Vogue Italia seemed to have missed the Nouvelle Vague memo as a beachwear trend concept turned in an ambiguous cover shoot for its May issue, sparking discussions on social media.
The makeup choice and excessive digital post-production were not welcomed favorably by the model’s fans on Instagram, who accused the magazine of altering her skin tone in an attempt to make her “darker,” pointing out a wrong casting choice for the shooting theme and a general lack of diversity in the industry.
Responding to the backlash, on Thursday Hadid posted an image and an extensive caption both on her Twitter and Instagram accounts.
“This is a photo of me returning home from shooting my Italian Vogue cover on April 3rd…you can see the level I had been bronzed to on set that day. Please understand that my control of a shoot 1. is nonexistent in terms of creative direction 2. ends completely when I leave set, and anything done to a photo in post is out of my control fully. The bronzing and photoshop is a style that S.Klein has done for many years and I believe was what was expected from the shoot (to show me in a different way creatively). BUT, although I understand what Vogue Italia’s intentions were, it was not executed correctly, and the concerns that have been brought up are valid.”
“I want to address this for those who were offended by the editing/retouching/coloring of the cover. Please know that things would have been different if my control of the situation was different,” continued the model.
“Regardless, I want to apologize because my intention is never to diminish those concerns or take opportunities away from anyone else, and I hope this can be an example to other magazines and teams in the future. There are real issues regarding representation in fashion – it’s our responsibility to acknowledge those issues and communicate through them to work towards a more diverse industry. xG.”
Also on Thursday, Vogue Italia released a statement through its Instagram profile to address the accusations.
“Throughout its history, Vogue Italia has respected and encouraged the creative viewpoints of commissioned photographers. In our latest cover shoot by Steven Klein, the vision was to create a beachwear-themed story with a stylized bronzing effect. We understand that the result has caused some debate with our readers, and we sincerely apologize if we have caused any offence,” read the statement.
The apology raised about 300 reactions, with comments spanning from reiterating the racial issue to defending the magazine’s creative choice.
“Weak apology. What are you going to do to fix it? Are you going to be inclusive and hire more models of color or will it be business as usual?
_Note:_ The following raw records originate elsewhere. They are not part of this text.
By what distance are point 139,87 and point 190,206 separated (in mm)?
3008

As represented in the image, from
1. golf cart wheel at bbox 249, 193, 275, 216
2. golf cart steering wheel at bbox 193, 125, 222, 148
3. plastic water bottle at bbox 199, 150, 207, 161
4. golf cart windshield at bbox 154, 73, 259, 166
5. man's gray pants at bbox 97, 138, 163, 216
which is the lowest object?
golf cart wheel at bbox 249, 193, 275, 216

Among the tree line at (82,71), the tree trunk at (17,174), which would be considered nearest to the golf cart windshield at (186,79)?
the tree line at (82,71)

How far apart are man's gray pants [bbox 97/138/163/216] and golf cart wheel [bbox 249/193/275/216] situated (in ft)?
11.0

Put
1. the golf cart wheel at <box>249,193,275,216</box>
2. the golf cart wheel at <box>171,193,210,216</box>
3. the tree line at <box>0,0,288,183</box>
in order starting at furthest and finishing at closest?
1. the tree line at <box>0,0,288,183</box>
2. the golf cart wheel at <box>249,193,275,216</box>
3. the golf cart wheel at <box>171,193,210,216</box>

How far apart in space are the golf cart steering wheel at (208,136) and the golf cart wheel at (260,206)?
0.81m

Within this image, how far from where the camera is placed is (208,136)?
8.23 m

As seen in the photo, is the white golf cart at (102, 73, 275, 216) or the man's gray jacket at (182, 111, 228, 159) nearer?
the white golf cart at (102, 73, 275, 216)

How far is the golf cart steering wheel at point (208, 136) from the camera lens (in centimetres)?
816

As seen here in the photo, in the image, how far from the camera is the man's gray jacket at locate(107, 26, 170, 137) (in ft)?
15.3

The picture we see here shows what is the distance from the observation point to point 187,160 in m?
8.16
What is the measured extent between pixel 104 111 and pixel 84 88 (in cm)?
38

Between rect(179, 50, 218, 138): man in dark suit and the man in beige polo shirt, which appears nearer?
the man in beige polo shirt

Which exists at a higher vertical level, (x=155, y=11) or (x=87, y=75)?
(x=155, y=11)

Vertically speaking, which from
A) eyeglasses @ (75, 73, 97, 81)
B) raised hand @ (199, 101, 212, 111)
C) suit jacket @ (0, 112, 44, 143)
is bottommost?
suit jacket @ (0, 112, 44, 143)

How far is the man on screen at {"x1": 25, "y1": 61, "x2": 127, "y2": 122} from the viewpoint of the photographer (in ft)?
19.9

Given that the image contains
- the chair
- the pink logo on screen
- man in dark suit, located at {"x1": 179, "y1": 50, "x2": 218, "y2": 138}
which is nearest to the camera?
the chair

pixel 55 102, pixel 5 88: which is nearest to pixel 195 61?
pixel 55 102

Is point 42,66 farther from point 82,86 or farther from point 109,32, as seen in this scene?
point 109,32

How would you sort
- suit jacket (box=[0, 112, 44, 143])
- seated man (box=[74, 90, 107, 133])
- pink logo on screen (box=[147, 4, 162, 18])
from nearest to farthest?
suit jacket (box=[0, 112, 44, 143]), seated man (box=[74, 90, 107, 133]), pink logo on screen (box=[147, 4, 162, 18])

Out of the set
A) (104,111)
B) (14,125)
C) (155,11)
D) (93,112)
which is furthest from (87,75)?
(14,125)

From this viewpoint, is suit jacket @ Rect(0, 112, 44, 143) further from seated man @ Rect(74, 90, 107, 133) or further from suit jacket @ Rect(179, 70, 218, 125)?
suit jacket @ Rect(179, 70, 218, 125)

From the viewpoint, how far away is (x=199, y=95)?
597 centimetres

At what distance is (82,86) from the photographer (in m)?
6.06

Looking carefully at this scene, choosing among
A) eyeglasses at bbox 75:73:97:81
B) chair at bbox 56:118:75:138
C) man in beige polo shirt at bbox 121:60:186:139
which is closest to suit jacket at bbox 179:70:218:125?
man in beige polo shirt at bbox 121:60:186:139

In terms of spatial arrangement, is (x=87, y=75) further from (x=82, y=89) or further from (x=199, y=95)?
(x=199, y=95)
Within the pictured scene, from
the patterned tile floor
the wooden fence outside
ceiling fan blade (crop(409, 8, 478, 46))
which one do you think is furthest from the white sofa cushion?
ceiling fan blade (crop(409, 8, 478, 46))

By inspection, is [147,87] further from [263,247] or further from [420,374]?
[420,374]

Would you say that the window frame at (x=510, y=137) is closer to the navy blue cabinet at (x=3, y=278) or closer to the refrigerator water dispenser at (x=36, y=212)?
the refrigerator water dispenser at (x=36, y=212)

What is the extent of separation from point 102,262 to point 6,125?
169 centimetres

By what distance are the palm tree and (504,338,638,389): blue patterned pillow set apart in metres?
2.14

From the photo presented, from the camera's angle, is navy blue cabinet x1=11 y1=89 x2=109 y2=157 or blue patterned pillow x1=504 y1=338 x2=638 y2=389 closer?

The people want results not apologies any more,” read one comment.
“You have done nothing wrong at all,” said another user. “This is not racism. Racism is a serious topic and people seem not to understand it anymore. People should stop to see racism where it isn’t and start to see it where it actually is! It’s scandalous this magazine had to apologize for unfounded accusations.”
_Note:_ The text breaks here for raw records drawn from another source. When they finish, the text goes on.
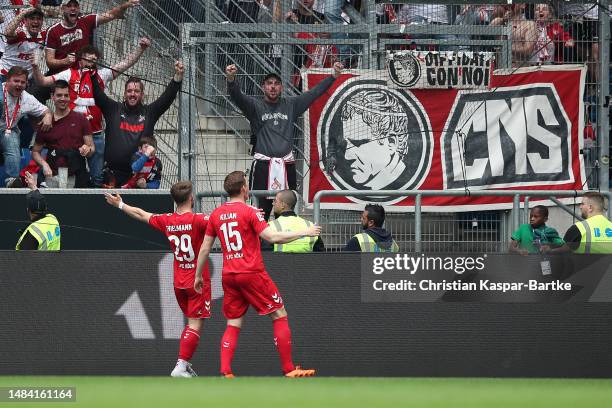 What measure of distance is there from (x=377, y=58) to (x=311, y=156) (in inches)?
58.8

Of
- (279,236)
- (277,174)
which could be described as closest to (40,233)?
(277,174)

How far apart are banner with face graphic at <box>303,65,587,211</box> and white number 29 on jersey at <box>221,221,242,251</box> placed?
12.1 ft

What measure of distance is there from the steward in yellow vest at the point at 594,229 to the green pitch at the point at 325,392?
5.40ft

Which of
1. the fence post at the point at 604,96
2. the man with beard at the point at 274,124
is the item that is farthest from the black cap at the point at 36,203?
the fence post at the point at 604,96

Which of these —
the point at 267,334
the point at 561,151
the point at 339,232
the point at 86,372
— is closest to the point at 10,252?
the point at 86,372

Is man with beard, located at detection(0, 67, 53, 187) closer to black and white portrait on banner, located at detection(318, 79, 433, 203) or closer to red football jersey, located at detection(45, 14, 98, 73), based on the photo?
red football jersey, located at detection(45, 14, 98, 73)

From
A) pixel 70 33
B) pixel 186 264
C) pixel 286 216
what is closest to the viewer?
pixel 186 264

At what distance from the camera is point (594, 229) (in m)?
12.8

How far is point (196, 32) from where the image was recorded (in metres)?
14.9

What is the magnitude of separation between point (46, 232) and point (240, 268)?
2.66 metres

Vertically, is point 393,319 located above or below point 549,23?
below

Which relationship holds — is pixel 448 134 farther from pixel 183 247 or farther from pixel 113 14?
pixel 183 247

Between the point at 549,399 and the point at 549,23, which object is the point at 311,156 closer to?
the point at 549,23

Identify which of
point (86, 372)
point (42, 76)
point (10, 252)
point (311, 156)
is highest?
point (42, 76)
In general, most remarks focused on the excessive use of Photoshop, which disguised Hadid’s recognizable face. “In terms of editing, the other major issue that’s being overlooked is that the photo looks NOTHING like [Hadid]…it’s not just the tan, it’s how much they’d photoshopped you in general,” commented a user, while another echoed “it doesn’t look like Gigi anymore, it’s like someone else.”
In 2015, Vogue Italia and Gigi Hadid received similar complaints from fans and readers as the model fronted the November issue styled in a darker skin tone and colorful Afro-style wigs.